C.W. walked in to where I was writing and plopped into a
chair. I looked up and saw what appeared to be one of those pundits they bring
on television news to explain the inexplicable. He was dressed as a Lt. Colonel
of the Army, so I guessed he was supposed to be “our military affairs” expert.
Yes, they often forget that a Lt. Colonel (Ret.) is someone who never made it
“to the Boardroom” as they say. Anyway …
“What do people mean,” he said, “when they refer to “Bible-humping?”
“Say what?”
“Bible-humping,” he said. “Are they referring to the antics
of King David, or maybe those randy Corinthians?”
“Say what?”
“I read your Bible,” he said. “Maybe they were talking about
King Solomon. Now there was a dude that liked women.” He thought. “Or maybe
pomegranates, or breasts, or both. Whichever way, he had a real case of it.”
“Bible-humping?”
His head snapped with a slight motion as if he hated to
leave an image. “That’s what I said.”
I hit “Control-S” on my computer and leaned back. A mental
door opened and a thought emerged. “Do you,” I said, “by any chance mean “Bible-thumping?’”

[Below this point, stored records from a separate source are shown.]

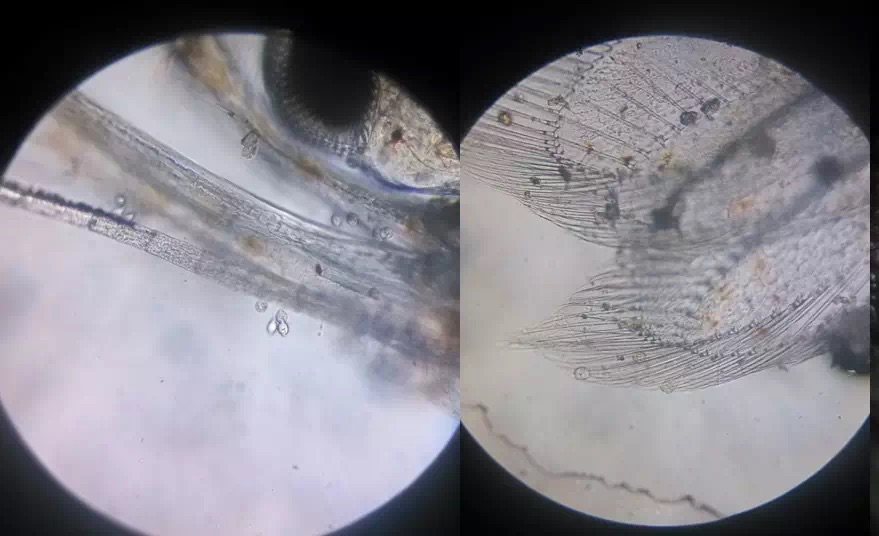 虾田怎么防治纤毛虫,养虾纤毛虫病最佳治疗方法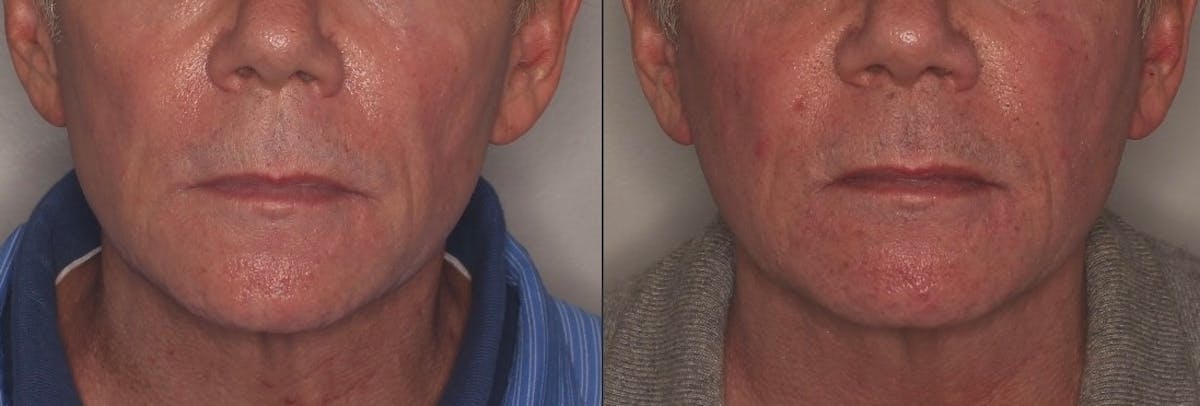 Ellacor Before & After Gallery - Patient 118216 - Image 1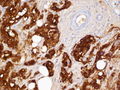 CytologicallyYoursCoW20131111Biopsy8.jpg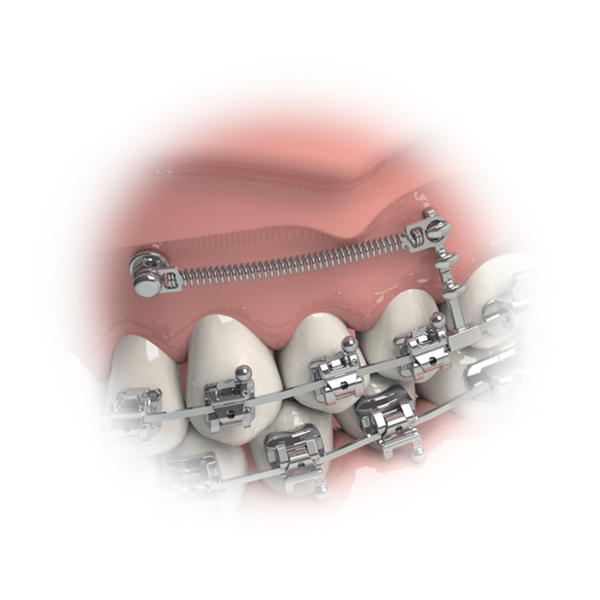 Crimpable Hook For TADs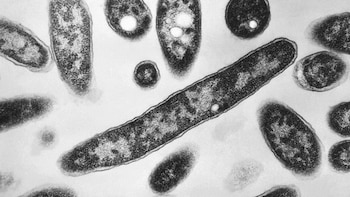 ¿Qué es la enfermedad del legionario? La infección bacteriana que puso en alerta a una ciudad de Estados Unidos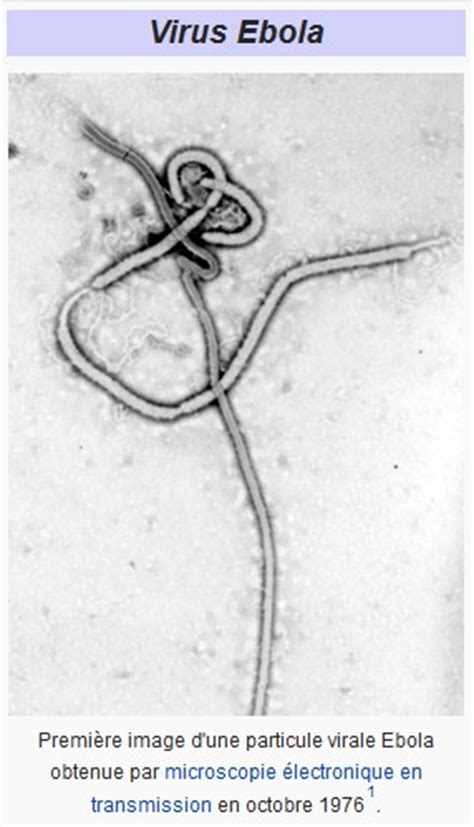 Le Virus Ebola Et L Pid Mie Il Fait Toujours Beau Quelque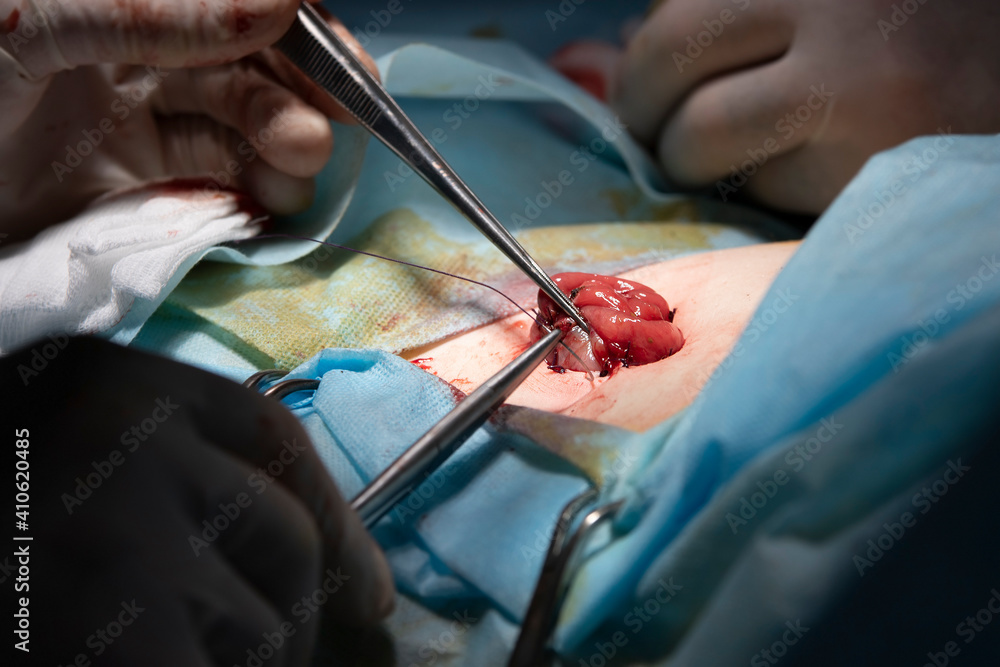 Surgeon finishes the colostomy operation sewing the gut close-up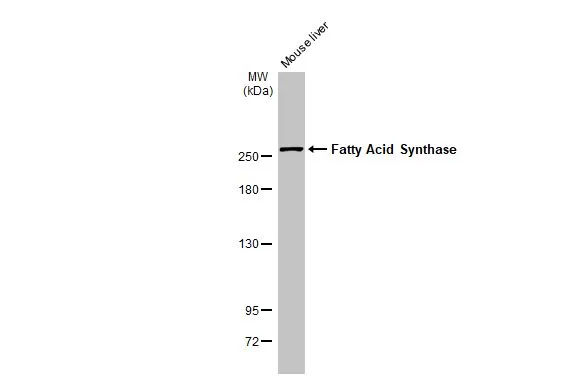 Mouse tissue extract (50 μg) was separated by 5% SDS-PAGE, and the membrane was blotted with Fatty Acid Synthase antibody [HL2161] (GTX638139) diluted at 1:1000. The HRP-conjugated anti-rabbit IgG antibody (GTX213110-01) was used to detect the primary antibody.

He had been on the verge of saying something, but this
stopped him cold. He thought. "It’s her again,” he said, his eyes reverting to a
cold gleam.
“You’ve been listening to your Galactic Universal Translator, haven’t you?”
“My GUT is fine,” he said, “but someone has been hacking
into the updates they forward from my home planet.”
“Oh,” I said, knowing it came out sounding a little weak.
“How do you stay married to her?” he said.
“Well,” I said, “for one thing I don’t come to the door,
when she’s alone, in the shape of one of her old boyfriends.”
“She shouldn’t have kept his picture and showed it to me,”
he said.
“She showed you the picture of one of her old boyfriends?”
He shrugged. “Sort of.”
“What do you mean, sort of?”
“I, uh, more or less came across it.”
“Were you going through her stuff again?”
“Collecting valuable data," he said. “That’s all I was doing
… research.”
“You weren’t wearing her things, were you? We’ve talked
about that.”
“Know what she said?” he asked, ignoring me.
I persevered. “Were you?”
“She said, ‘Now you can see what I could have had and
compare it to what I got,’ and she took it away from me and held it to her,
pomegranates, I mean her breasts.”
Have I ever mentioned the fact that sometimes C.W. lies when it suits his purpose?
“I doubt that,” I said.
“I doubt that,” I said.
“Suit yourself,” he said. “Now about this ‘Bible-thumping’
thing. What do they mean?”
“It’s a saying,” I said, “that refers to the act of using
Biblical references to justify questionable actions or beliefs.”
“Like it’s okay for a king to send his best friend to be
killed in battle so he can get the friend’s wife alone and …”
“It can refer to any number of things, such as slavery, that people use their interpretation
of the Bible to justify.” I said, interrupting him.
“Like electing scoundrels to public office?”
“That too,” I said.
He stood and assumed a look of panic.
“I’ve got to go,” he said.
“I’ve got to go,” he said.
“Where?”
“To check my GUT.”
“It does make one a little nauseated to think about it,
doesn’t it?”
“Not that,” he said. “It’s my translator.”
“What about it?”
“I don’t think she was finished,”
“What makes you say that?”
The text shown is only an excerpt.